WHAT YOU NEED TO DO -
The records below must be returned exactly, with every picture left out.

Saved entries:
|---|

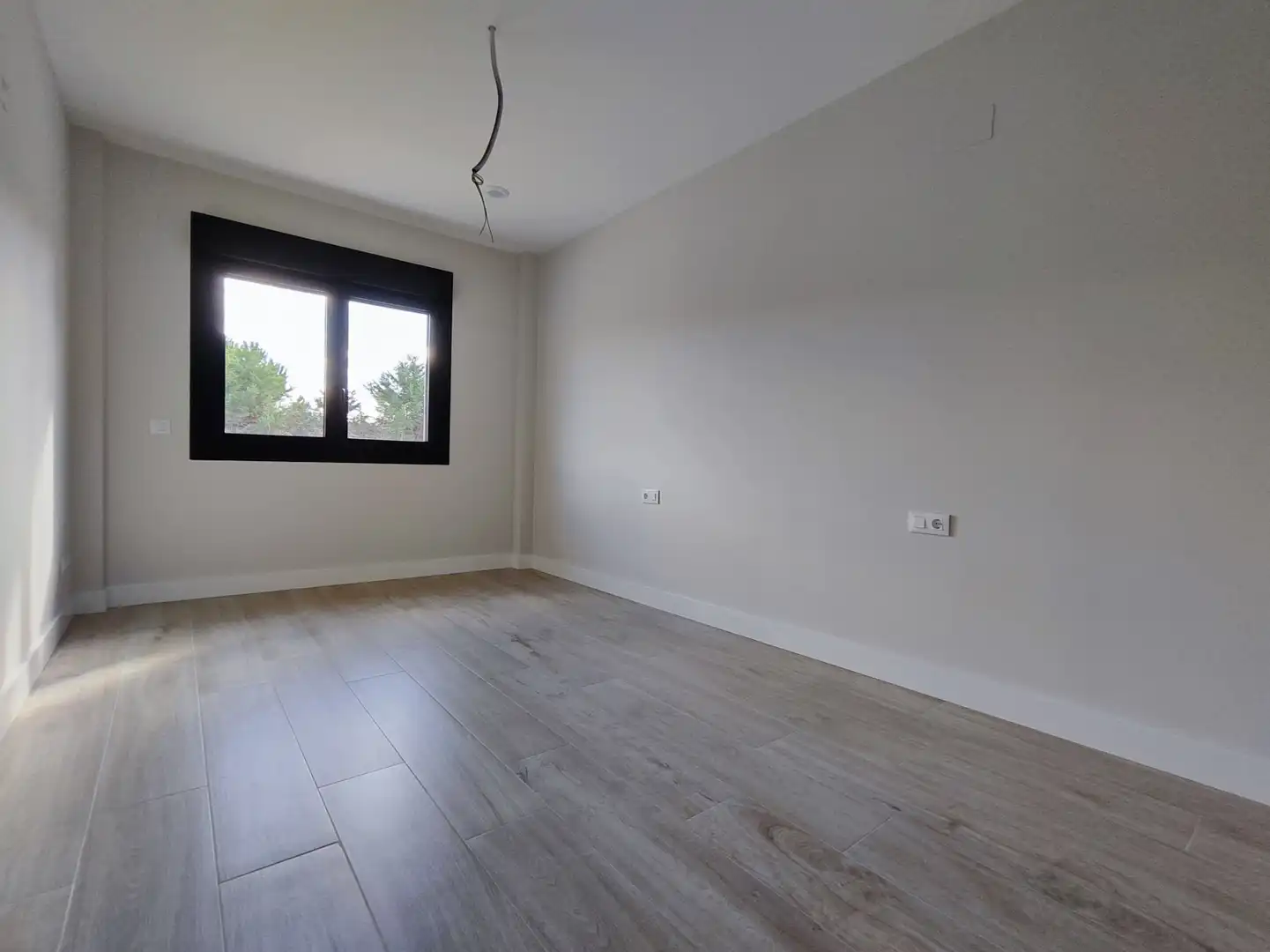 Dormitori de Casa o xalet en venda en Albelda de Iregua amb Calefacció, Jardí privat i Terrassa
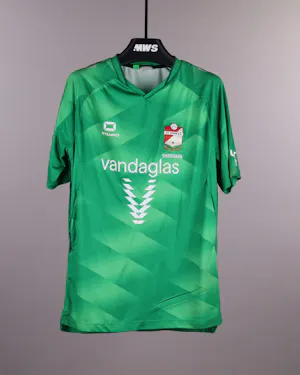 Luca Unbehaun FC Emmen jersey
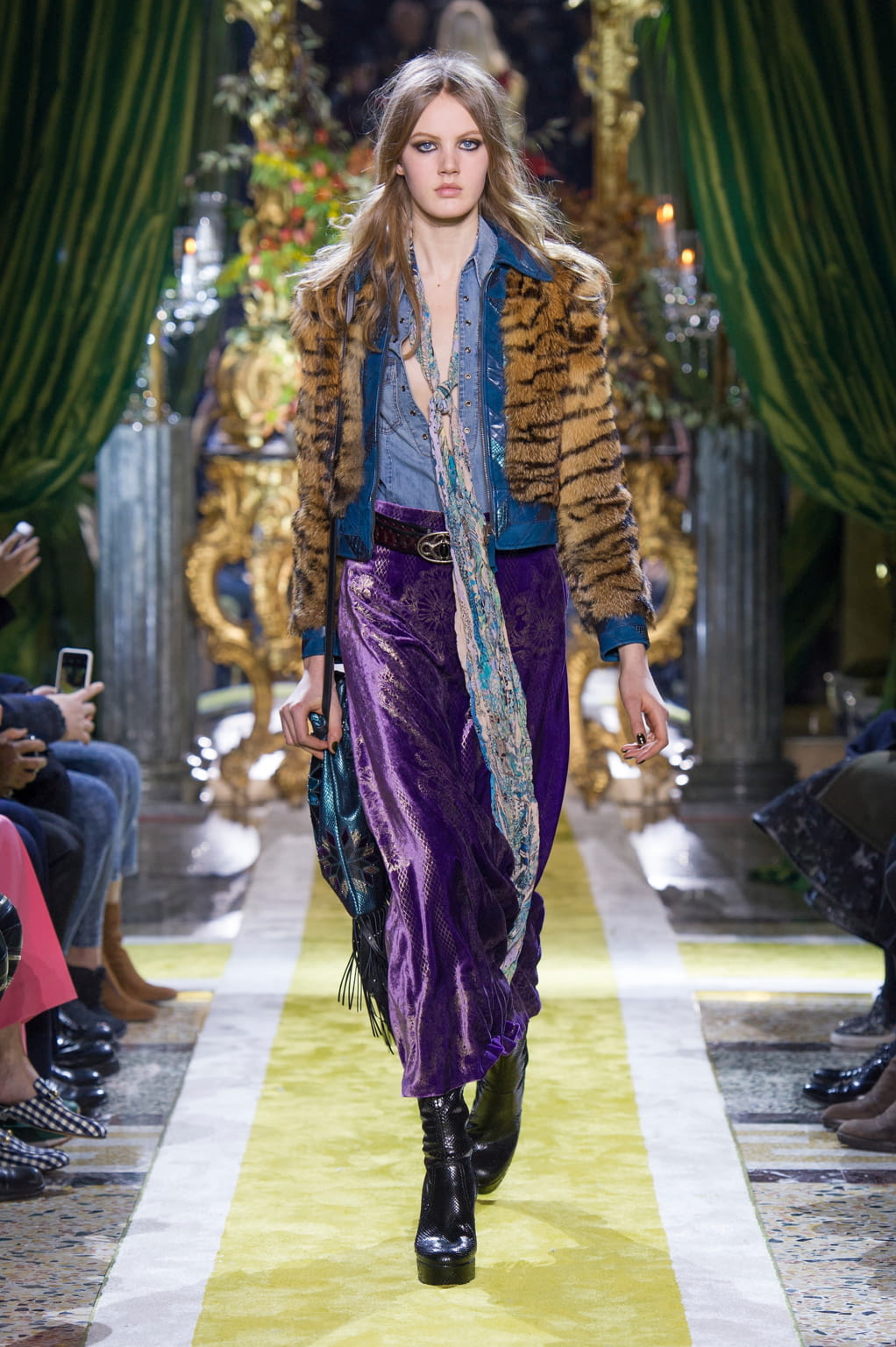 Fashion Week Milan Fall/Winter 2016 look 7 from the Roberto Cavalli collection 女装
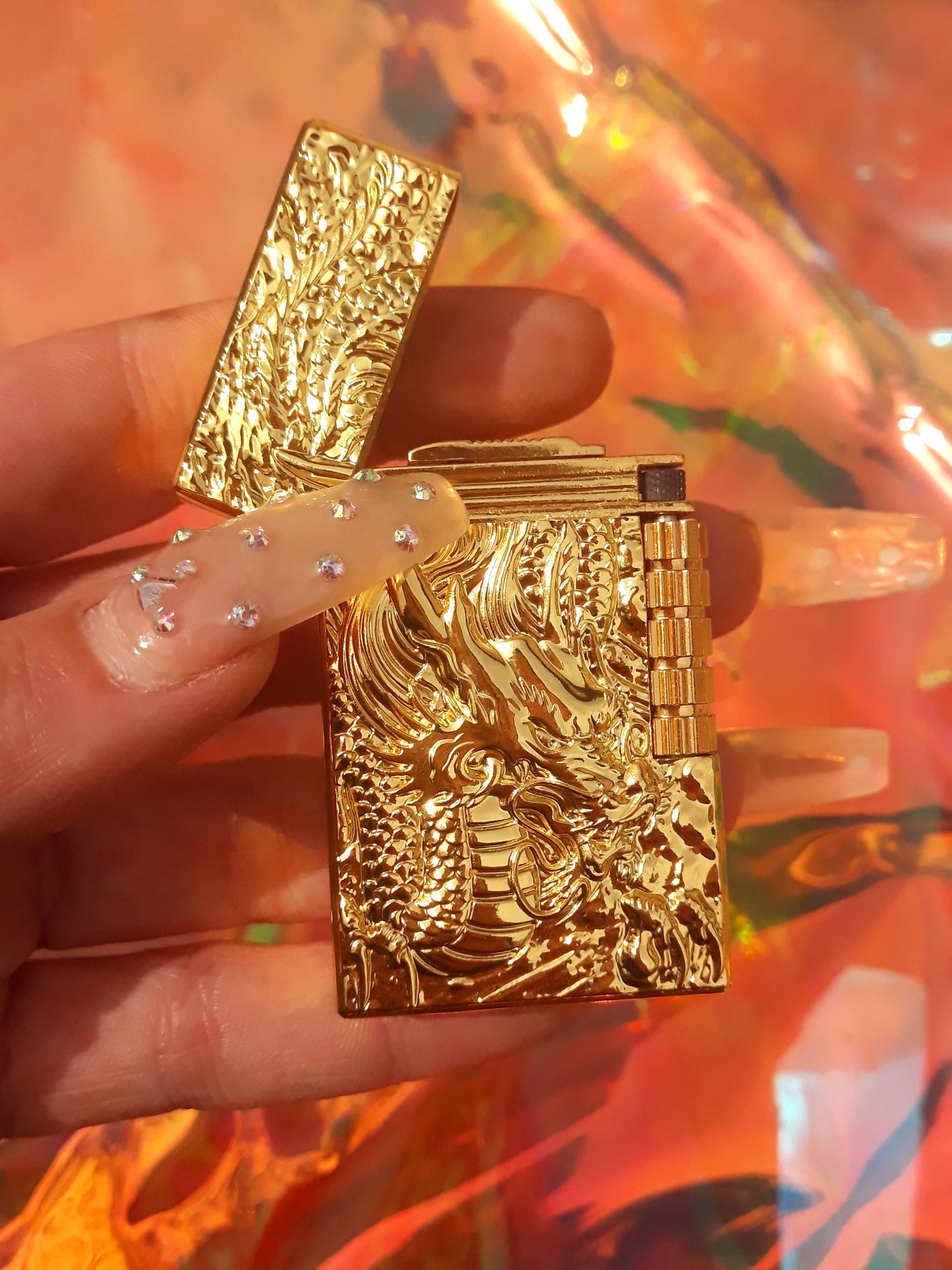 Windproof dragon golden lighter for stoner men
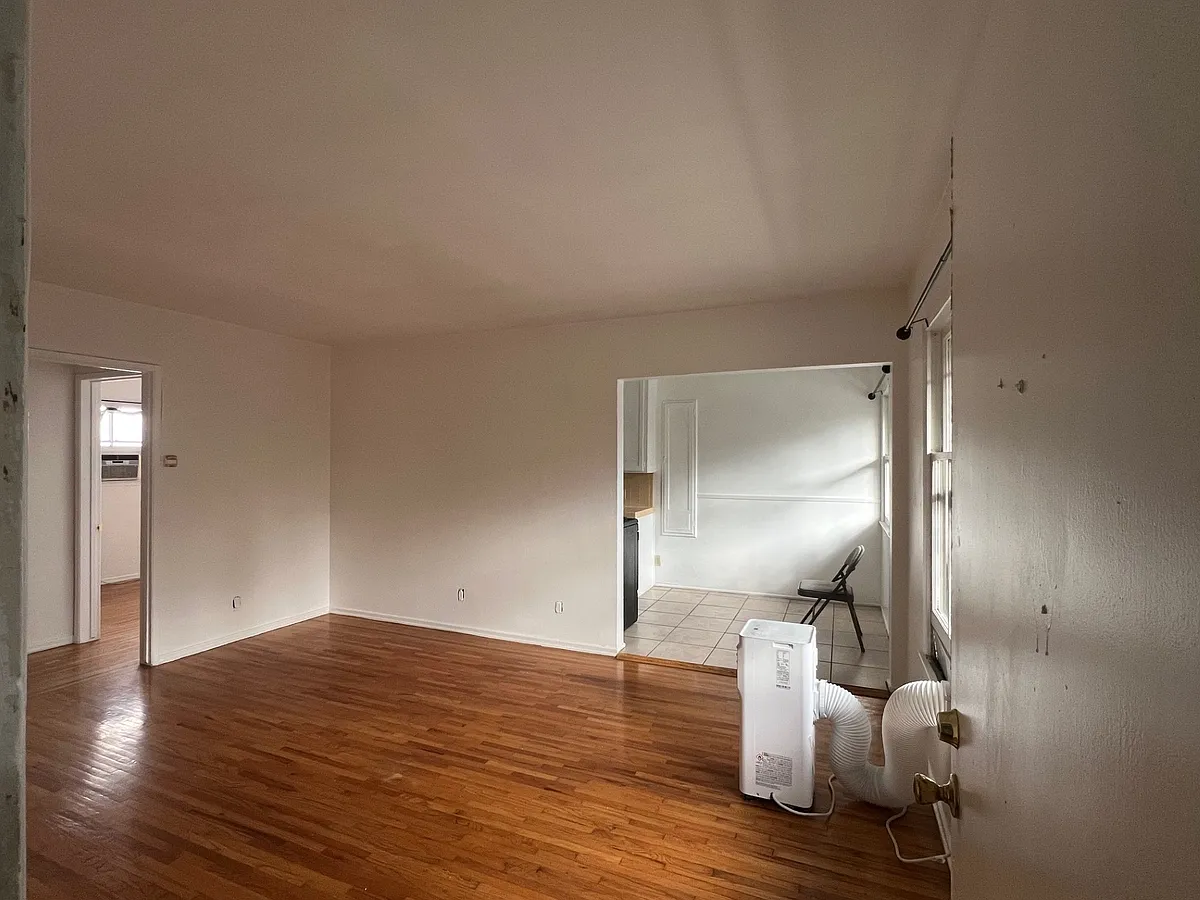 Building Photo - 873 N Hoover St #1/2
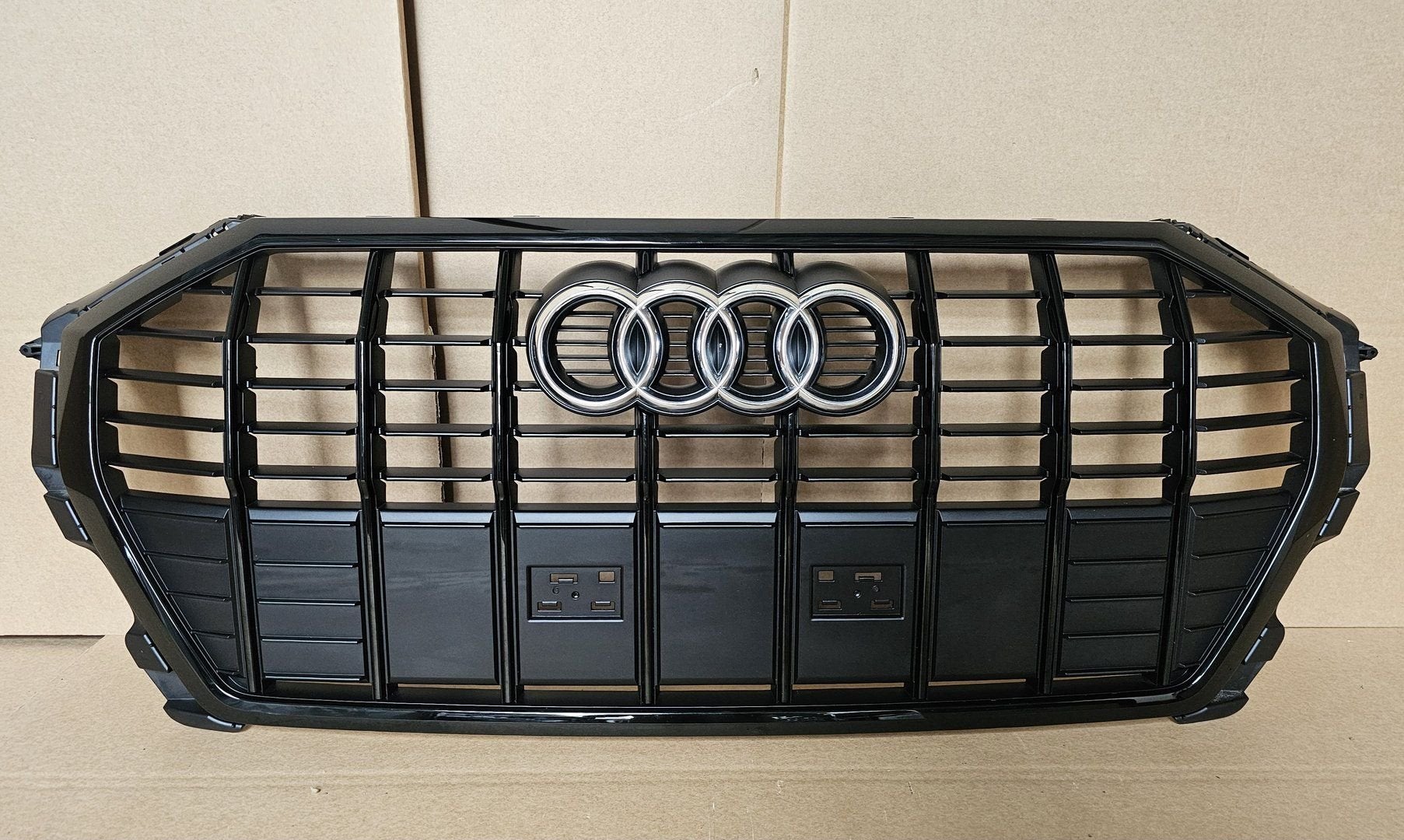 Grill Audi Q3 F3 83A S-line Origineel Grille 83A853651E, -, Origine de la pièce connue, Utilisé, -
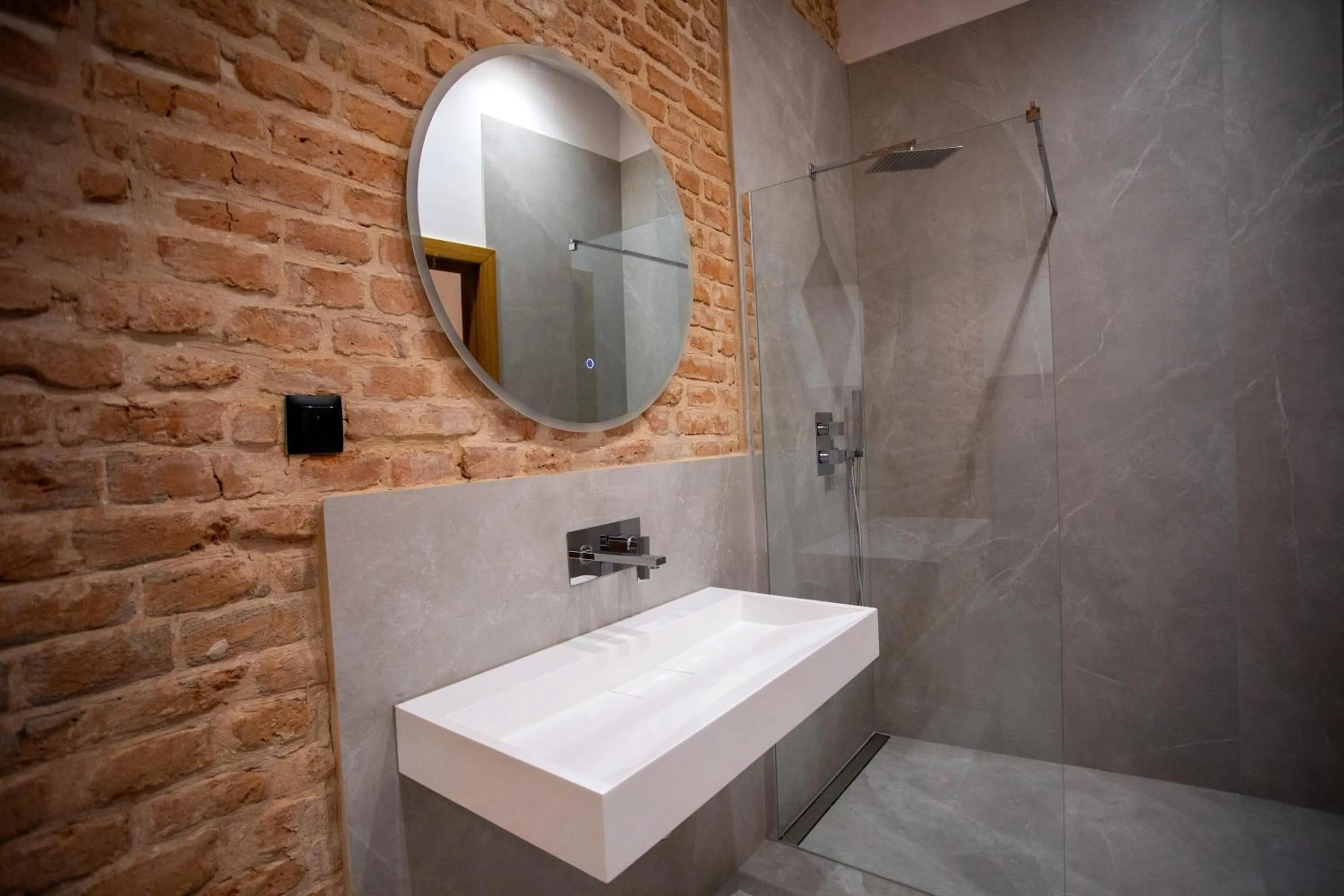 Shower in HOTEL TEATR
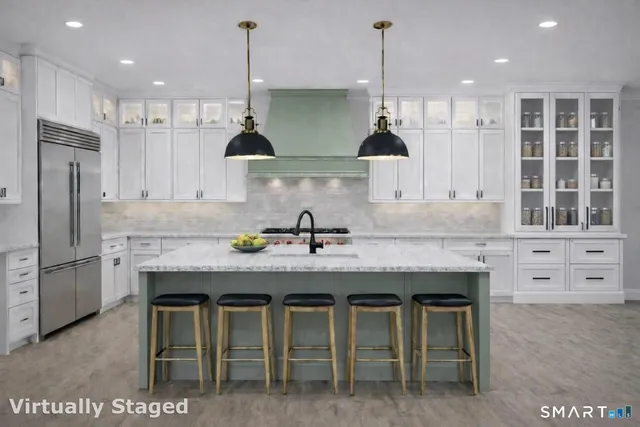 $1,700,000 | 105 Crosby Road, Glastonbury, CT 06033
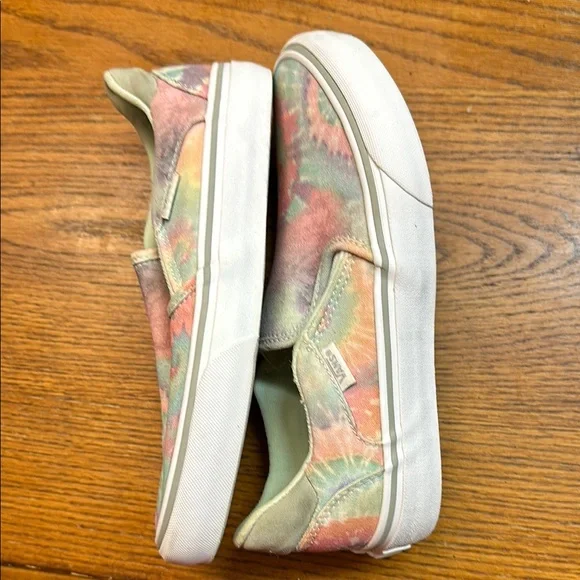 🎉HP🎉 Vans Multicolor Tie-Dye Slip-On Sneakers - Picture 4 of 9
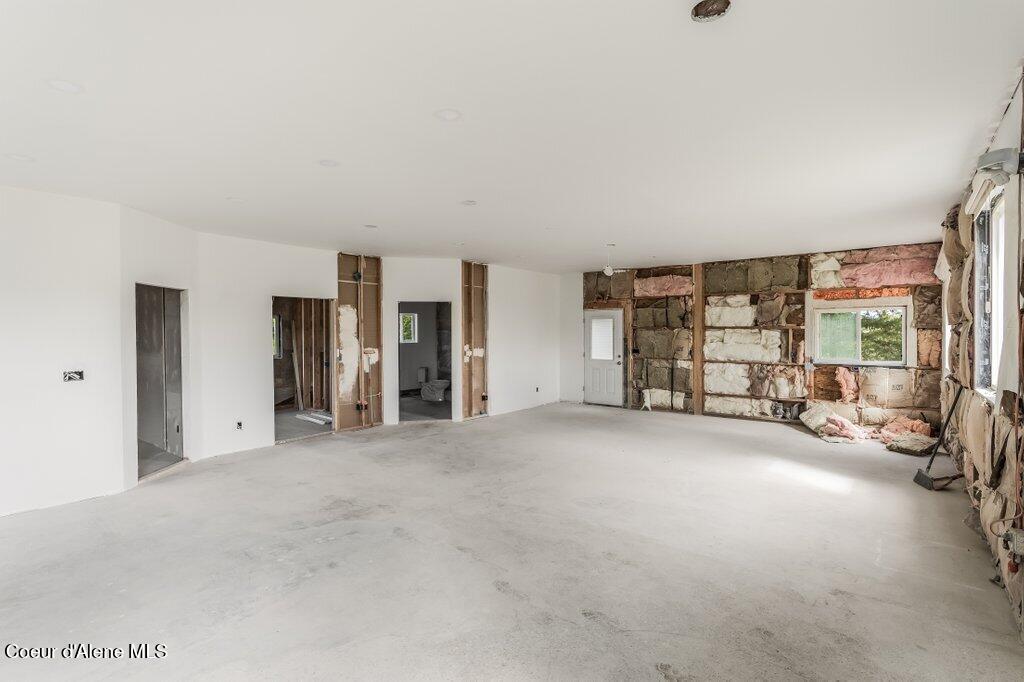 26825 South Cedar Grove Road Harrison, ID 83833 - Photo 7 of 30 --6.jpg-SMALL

|---|

SOLUTION BELOW -
 Dormitori de Casa o xalet en venda en Albelda de Iregua amb Calefacció, Jardí privat i Terrassa
 Luca Unbehaun FC Emmen jersey
 Fashion Week Milan Fall/Winter 2016 look 7 from the Roberto Cavalli collection 女装
 Windproof dragon golden lighter for stoner men
 Building Photo - 873 N Hoover St #1/2
 Grill Audi Q3 F3 83A S-line Origineel Grille 83A853651E, -, Origine de la pièce connue, Utilisé, -
 Shower in HOTEL TEATR
 $1,700,000 | 105 Crosby Road, Glastonbury, CT 06033
 🎉HP🎉 Vans Multicolor Tie-Dye Slip-On Sneakers - Picture 4 of 9
 26825 South Cedar Grove Road Harrison, ID 83833 - Photo 7 of 30 --6.jpg-SMALL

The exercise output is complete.